The Jotul will be in the far corner of the addition.
So, the problem is to get the heat out of the addition and into the main house.
I want to keep it simple. For starters, the addition will be 16 inches lower than the main house. There will be a real big door from the addition cabin into the hallway of the dogtrot, this door will be 40 inches wide and 7 foot 2 inches high.
The door at the other end of the 12 foot hallway, that goes into the main house, will be just as big.

Of course, the Oslo is much too large for a 20 x 24 foot cabin. The tremendous heat will flow up into the cathedral ceiling, will spool down to the doorway, flood out into the ceiling of the dogtrot, and the flow through the second large door, and into the main cabin.

I like to keep it simple. Hopefully, by convection, the heat will move.

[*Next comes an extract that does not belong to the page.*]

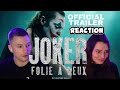 JOKER 2 : FOLIE A DEUX (2024) Trailer Reaction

If not enough heat flows into the main house, I will put a couple of floor fans, in that hallway of the dogtrot, blowing in towards the addition where the Jotul is.
Blow cool air in, you blow hot air out.

If that doesn't work, it will be simple enough to install a duct in the basement, from floor of the living room of the existing cabin, and into the floor of the addition.
A giant duct 16 inches in diameter. Put a 14 inch floor fan down there, in the middle of the duct, blowing cool air from the existing house, into the addition where the wood stove is. That fan will be wired to a switch on the wall in the hallway of the dog trot. Crank up the wood stove, flip on the fan switch.

One way, or another, that Jotul will heat the entire house.

And, since these modern wood stoves demand such dry wood, I am going to build a woodshed. It will be 8x12 feet, 8 feet high with metal roof. I will put a solar powered fan in the gable end of the wood shed. It will blow in.
At the bottom of the wood shed, there will be two openings for air to blow out.
So, on the hot sunny days, the fan will blow outside air in, force the hot air in at the top of the woodshed, where it will flow past all the split, stacked wood, and it will exhaust at the bottom.
On cloudy rainy days, the fan won't run. That's good because you don't want cool moist air blowing past your firewood.

I believe that I will be able to dry out firewood quickly with my new woodshed, gonna buy a moisture meter at Lowes and will post results.